Daniel Rosenfeld — The Hebrew University of Jerusalem

Category

Warm Low Clouds and Interactions with Aerosol

Description

An overview of the closure of CCN and cloud base properties by combined satellite and cloud base measurements. Satellite retrieved drop concentrations (see methodology in the upper right box) are combined with SGP radar measured updrafts, and yield CCN(SS). This is validated against the measured CCN at the SGP, shown in the lower right box.
The ambiguity between the roles of meteorology and aerosols on cloud properties is the main hindrance in quantifying the aerosol cloud-mediated effects on the global energy budget.
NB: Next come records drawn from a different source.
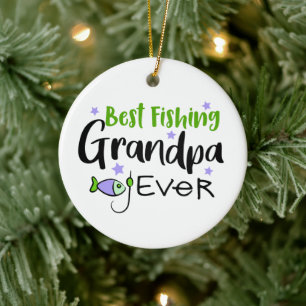 Best Fishing Grandpa Ever Father's Day Grandfather Ceramic Ornament
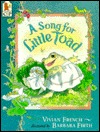 A Song for Little Toad (Paperback)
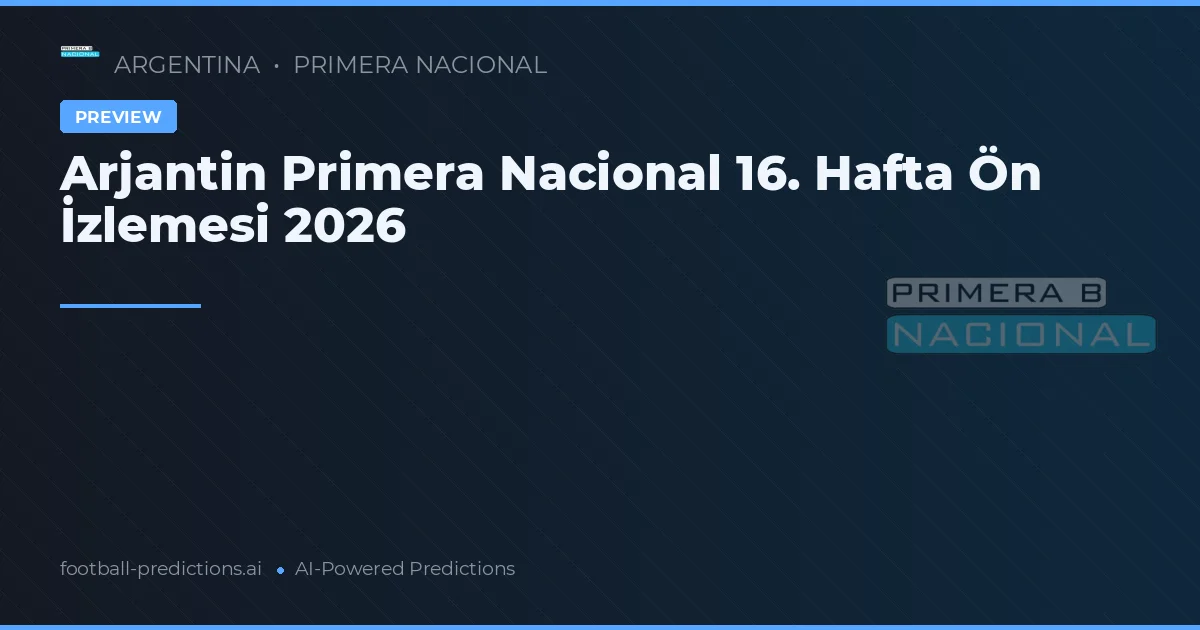 Arjantin Primera Nacional 16. Hafta Ön İzlemesi 2026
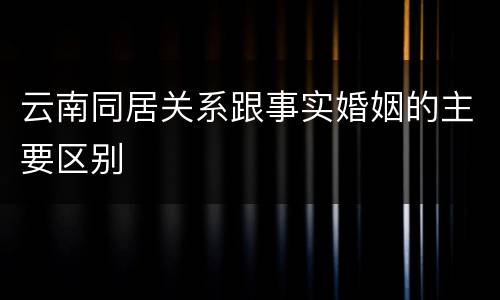 云南同居关系跟事实婚姻的主要区别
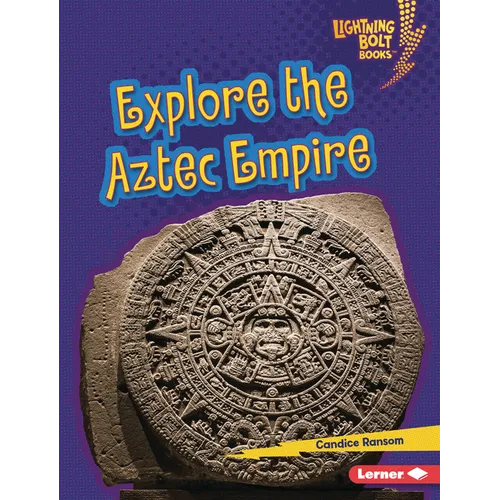 Explore the Aztec Empire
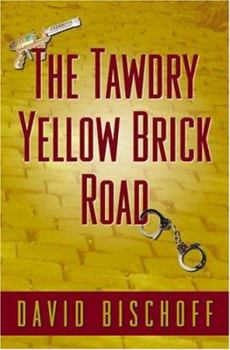 Hardcover The Tawdry Yellow Brick Road Book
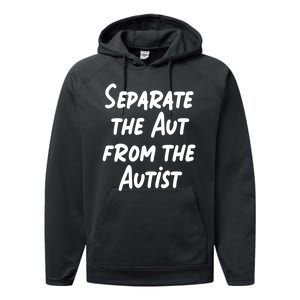 Separate The Aut From The Autist Performance Fleece Hoodie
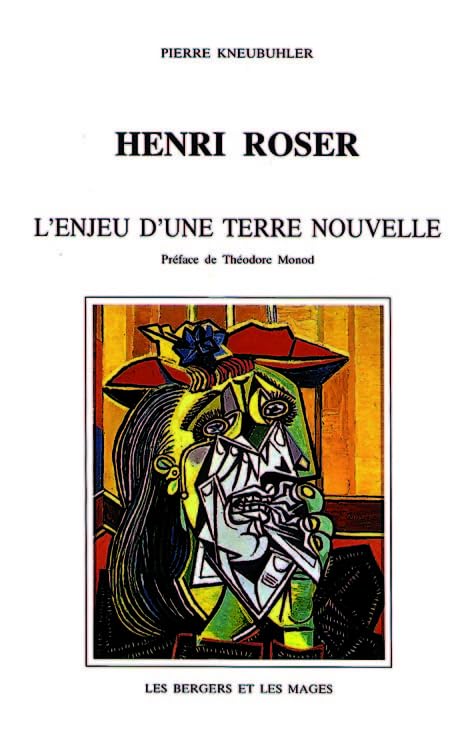 Henri Roser : L'enjeu d'une terre nouvelle 9782853041010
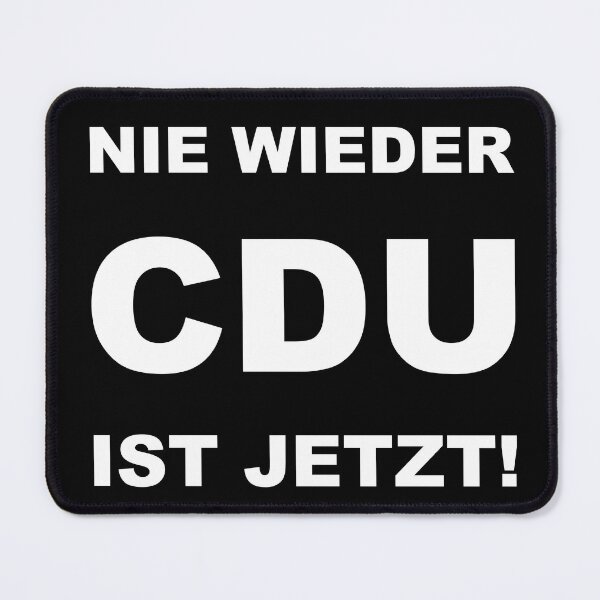 Item preview, Never again CDU! designed and sold by DocGermanicus.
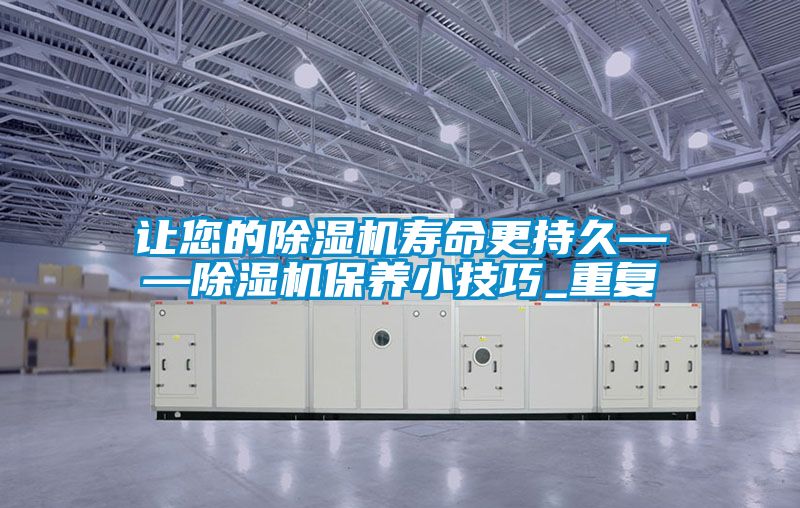 讓您的除濕機壽命更持久——除濕機保養(yǎng)小技巧_重復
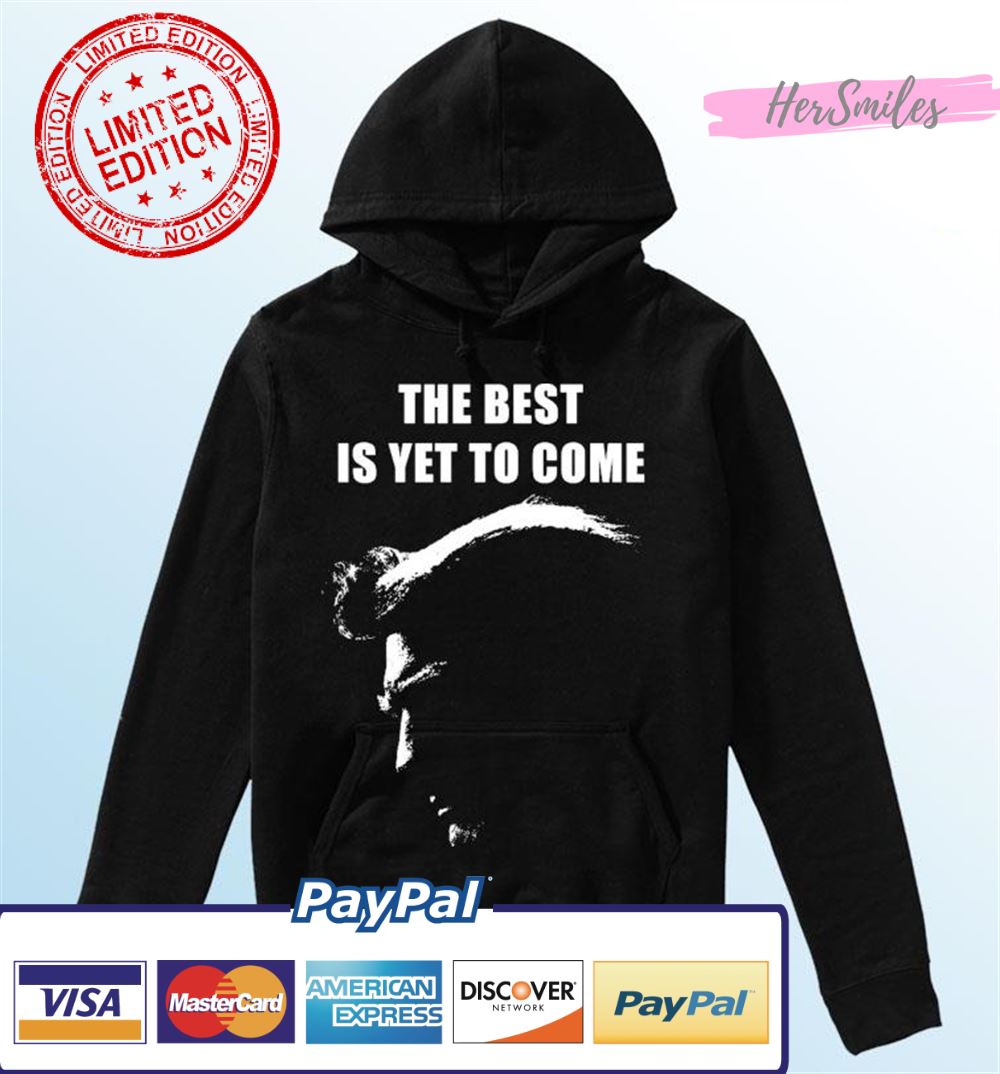 Trump 2024 The best is yet to come T-Shirt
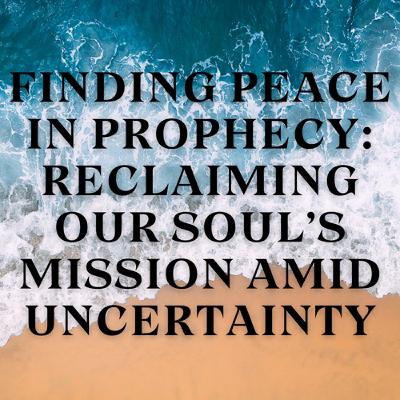 Finding Peace in Prophecy: Reclaiming Our Soul’s Mission Amid Uncertainty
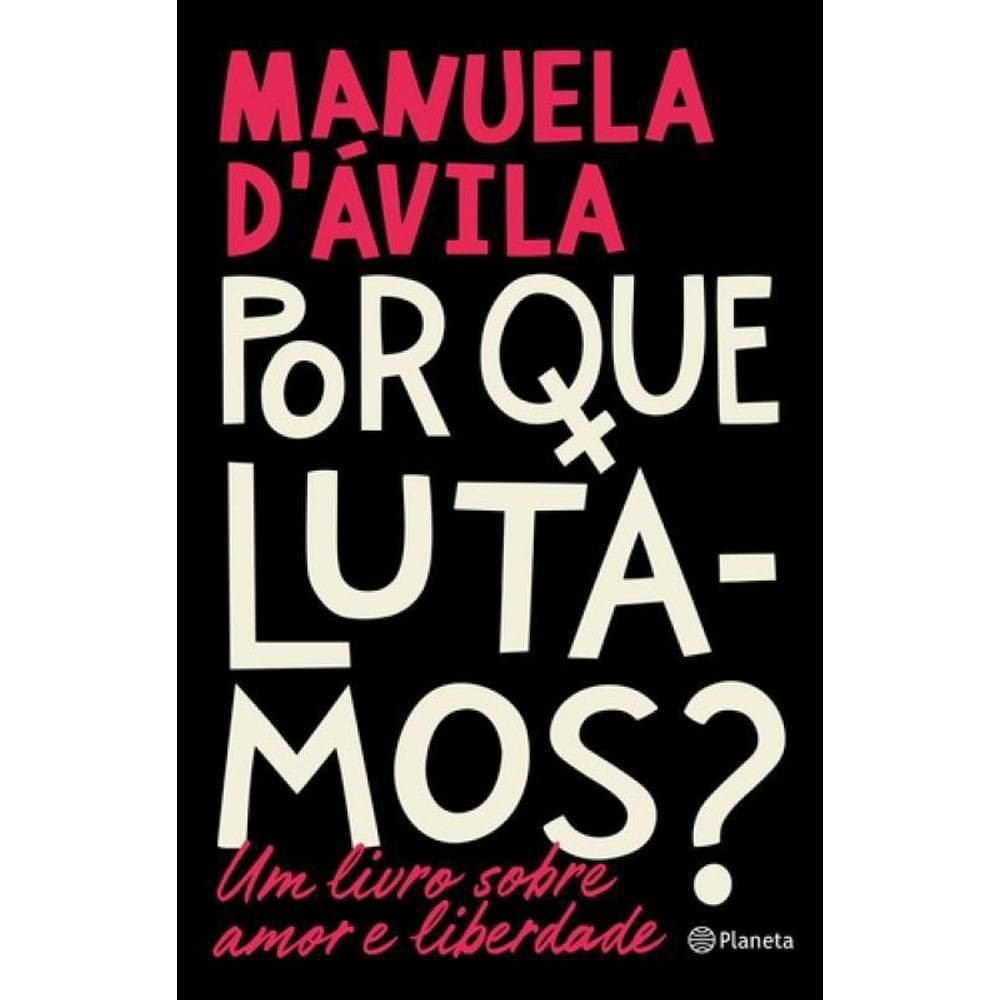 Livro Por Que Lutamos - Um Livro Sobre Amor E Liberdade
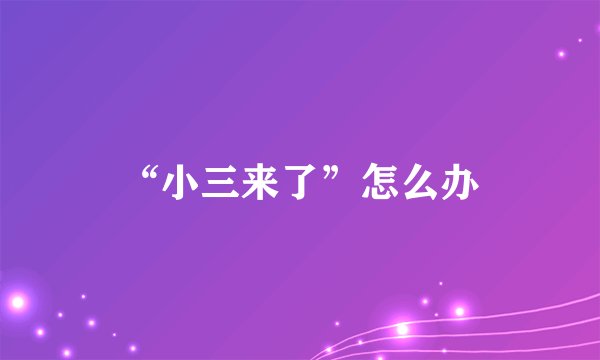 “小三来了”怎么办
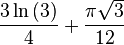 { {3\ln\left(3\right)\over4} + {\pi\sqrt{3}\over12} }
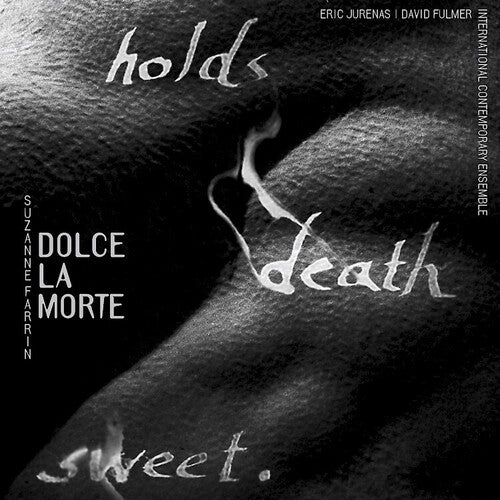 Jurenas; International Contemporary Ensemble; Fulm - Dolce la Morte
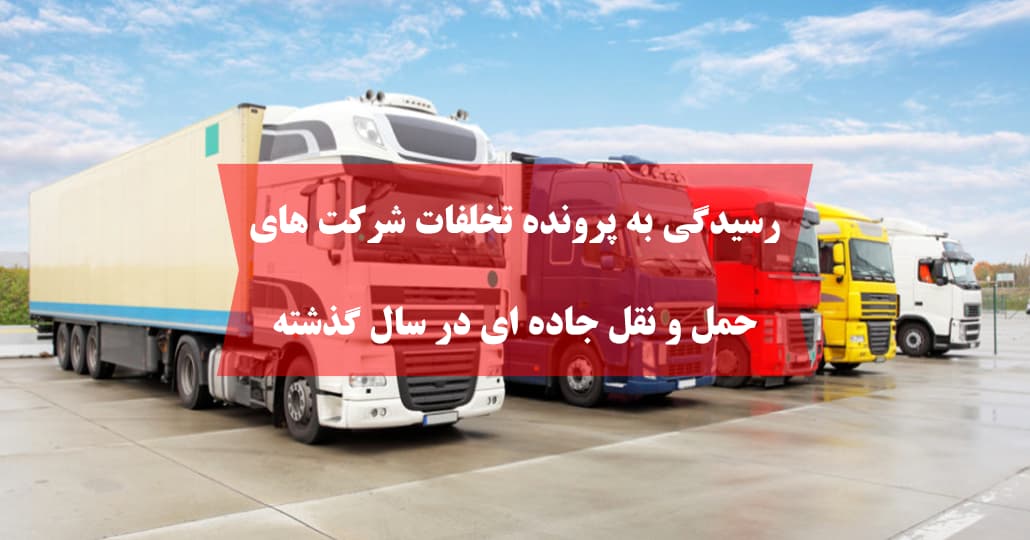 رسیدگی به پرونده تخلفات شرکت های حمل و نقل جاده ای در سال گذشته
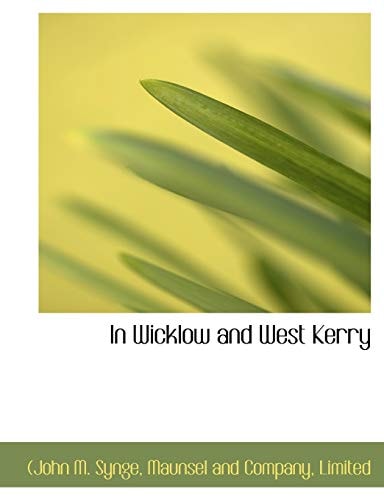 In Wicklow and West Kerry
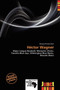 H Ctor Wagner by Emory Christer - Paperback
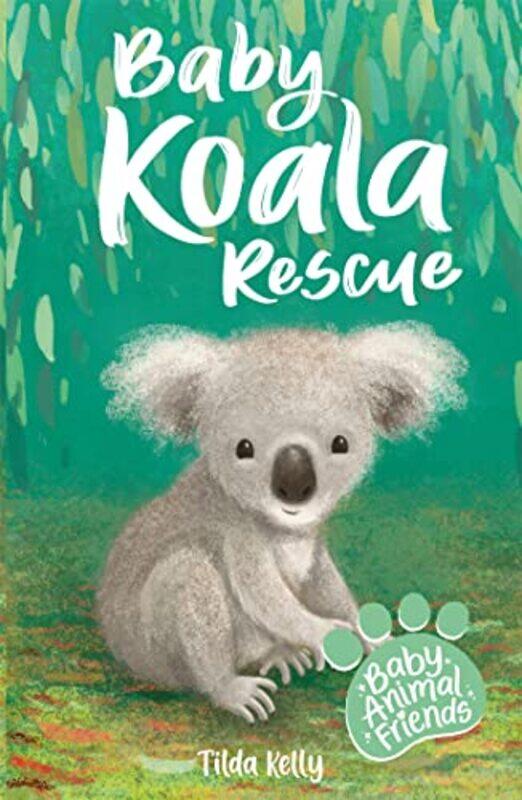 

Baby Animal Friends Baby Koala Rescue by Tilda Kelly-Paperback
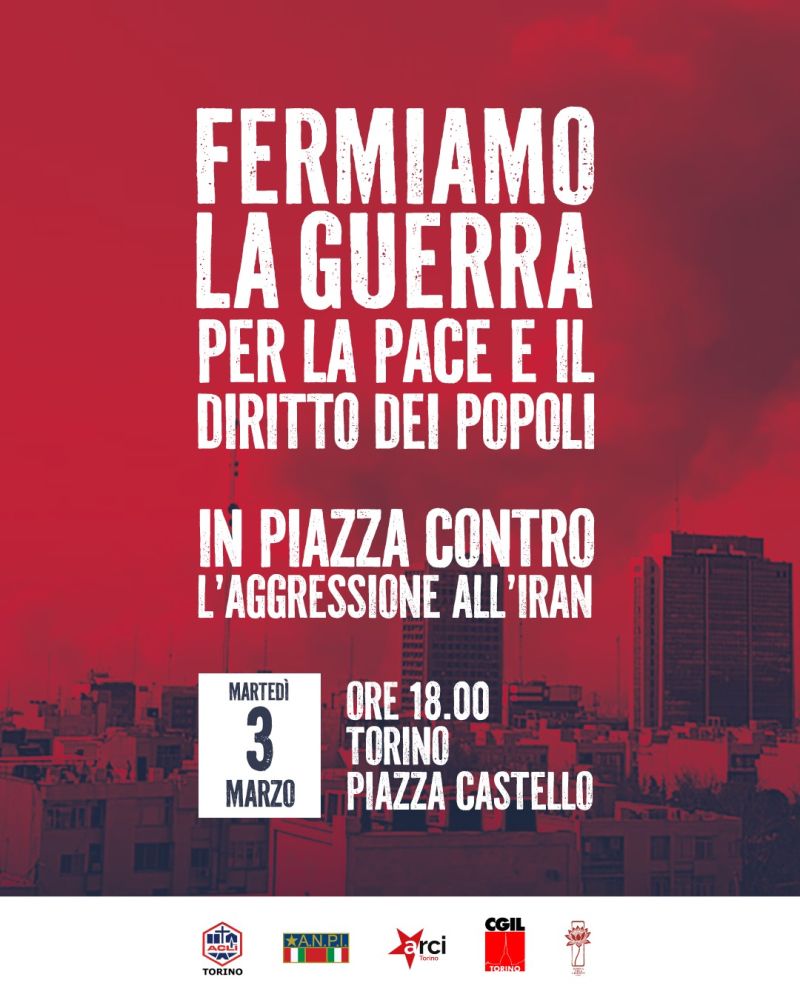 FERMIAMO LA GUERRA PER LA PACE E IL DIRITTO DEI POPOLI - IN PIAZZA CONTRO L'AGGRESSIONE ALL'IRAN - TORINO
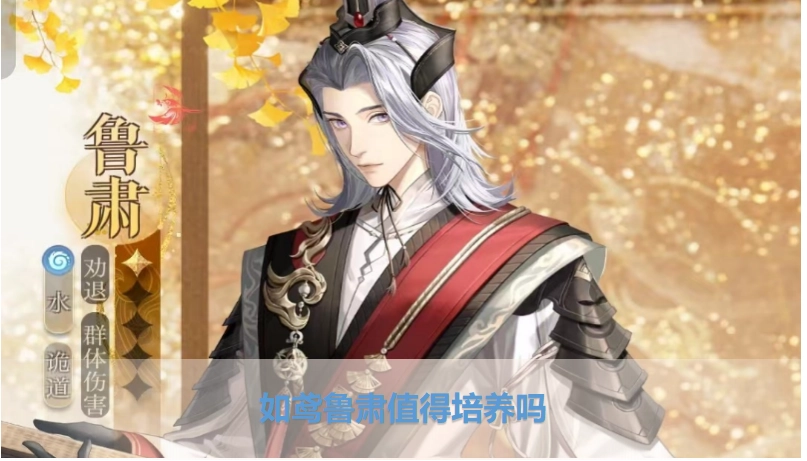 代号鸢里的鲁肃值得培养吗？代号鸢鲁肃角色强度深度分析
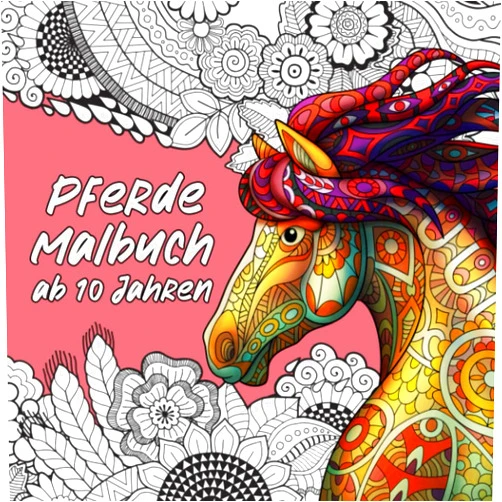 German Edition by Alina Ritter (Author) Pferde Malbuch ab 10 Jahren - Pferde Mädchen Geschenk: 50 wunderschöne Pferde-Mandalas für Mädchen, Teenager, Kinder und Erwachsene zur Förderung der ... (Unsere schönsten Bücher) (German Edition)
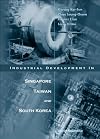 Industrial Development in Singapore, Taiwan, & South Korea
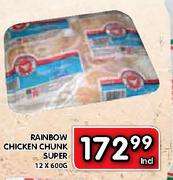  Rainbow Chicken Chunk Super-12X600g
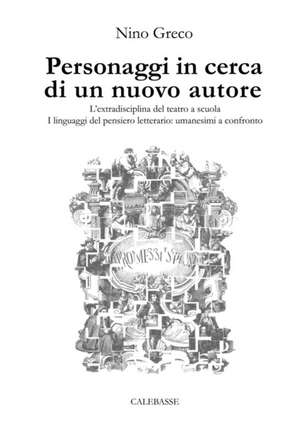 Personaggi in cerca di un nuovo autore de Nino Greco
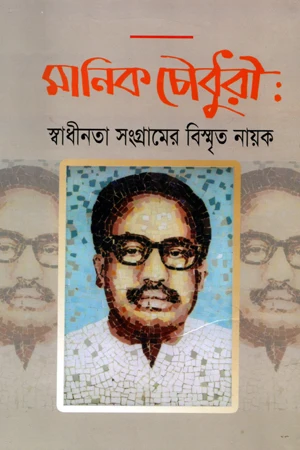 Manik Chowdhury: Swadhinata Sangramer Bismrit Nayak (মানিক চৌধুরী: স্বাধীনতা সংগ্রামের বিস্মৃত নায়ক)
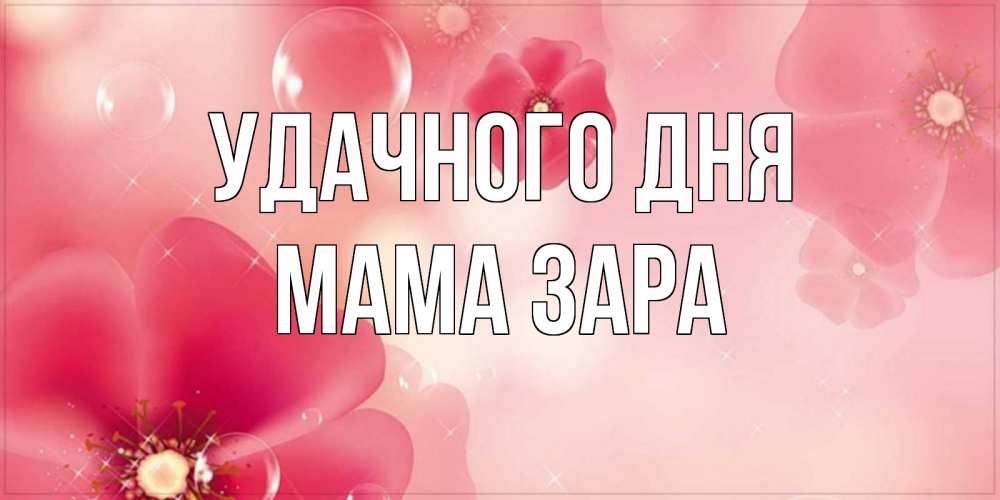 Открытка на каждый день с именем, Мама-Зара Удачного дня красивая открытка с цветами Прикольная открытка с пожеланием онлайн скачать бесплатно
Disentangling of the respective roles would be achievable if we could measure independently the CCN and updrafts. Here we show advancements towards this goal by using clouds as natural CCN chambers (Rosenfeld et al., 2012). The specific steps for doing that have been already done are: 1. Satellite retrieval of the number concentrations of activated CCN into drop at convective cloud base (Na) over the SGP. 2. Retrieving the maximum supersaturation at cloud base (SS) by combining Na with SGP radar measured cloud base updraft (Wb). This yields CCN(SS), which is validated against SGP measured CCN. 3. Developing satellite based method for retrieving updraft speeds of thermals, by relating the SGP-lidar measured thermal updraft speed to the temperature difference between satellite-retrieved ground skin temperature and 2 m air temperature, as measured at the SGP (Zheng et al., 2014). 4. Satellite retrieving cloud base temperature and validating against SGP cielometer and sounding (Zhu et al., 2014). The next steps in progress: 5. Developing satellite based method for retrieving convective cloud base updraft speeds (Wb) as done and validated for thermals. 6. Combine the satellite retrieved Na and Wb for obtaining satellite retrieved CCN(SS), and validate against SGP measured CCN(SS). Our satellite retrievals (Rosenfeld et al., 2013) are based on the NPP/VIIRS Imager, which provides breakthrough resolution of 375 at nadir, thus allowing resolving the small convective clouds at the top of the boundary layer. This will allow a global application of the methodology developed here. References: Rosenfeld D. et al., 2012: The scientific basis for a satellite mission to retrieve CCN concentrations and their impacts on convective clouds. Atmos. Meas. Tech., 5, 2039–2055, 2012 Rosenfeld, D. et al., 2013: High resolution (375 m) cloud microstructure as seen from the NPP/VIIRS Satellite imager, Atmos. Chem. Phys. Discuss., 13, 29845-29894. Zheng Y., D. Rosenfeld, Z. Li, 2014: Retrieving updraft speeds of thermals by observed surface temperatures and winds. Submitted to JGR. Zhu Y., D. Rosenfeld, X. Yu, G. Liu, J. Dai, X. Xu, 2014: Satellite retrieval of convective cloud base temperature based on the NPP/VIIRS Imager. Submitted to J. Geophys. Res., 2014.

Lead PI

Daniel Rosenfeld — The Hebrew University of Jerusalem